== Segment start ==

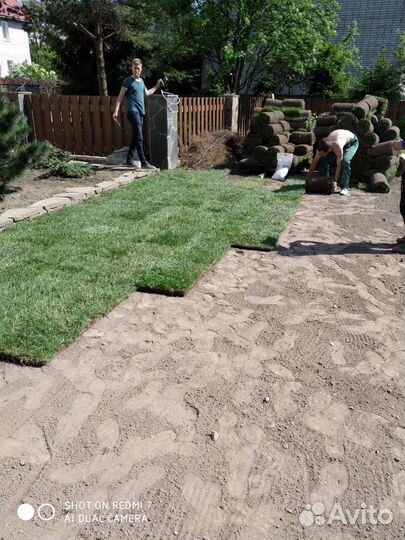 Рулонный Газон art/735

== Segment end ==
== Segment start ==

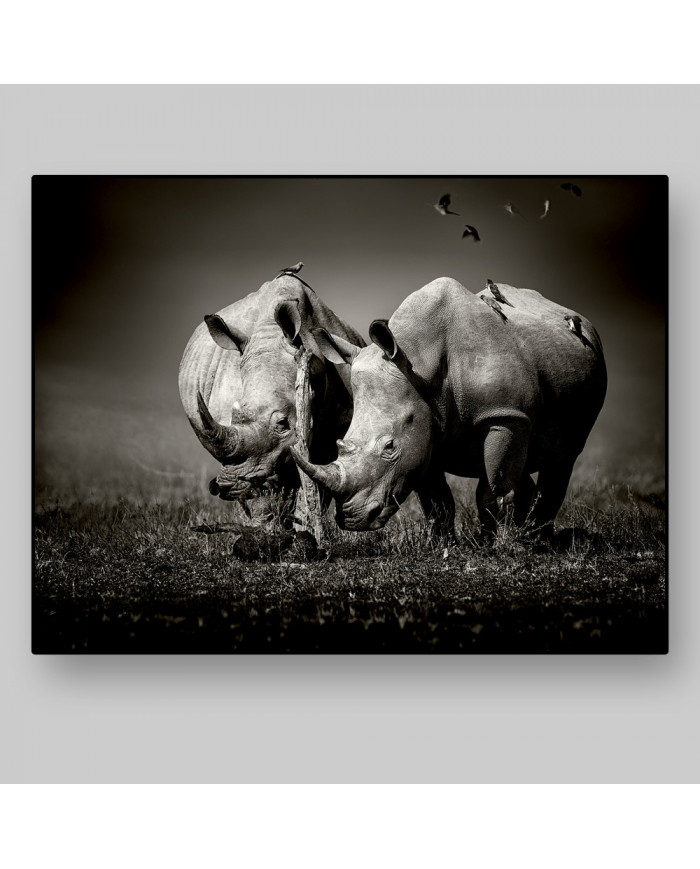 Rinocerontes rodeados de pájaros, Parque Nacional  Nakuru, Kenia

== Segment end ==
== Segment start ==

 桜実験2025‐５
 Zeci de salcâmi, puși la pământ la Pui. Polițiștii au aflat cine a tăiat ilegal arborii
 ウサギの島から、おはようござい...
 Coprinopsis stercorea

== Segment end ==

◆ **What you need to do**
The response must hold only the lines above from the line with "Zeci de salcâmi, puși" through the line with "Coprinopsis stercorea", each copied exactly, both ends kept.

◆ **Solution to the problem**
 Zeci de salcâmi, puși la pământ la Pui. Polițiștii au aflat cine a tăiat ilegal arborii
 ウサギの島から、おはようござい...
 Coprinopsis stercorea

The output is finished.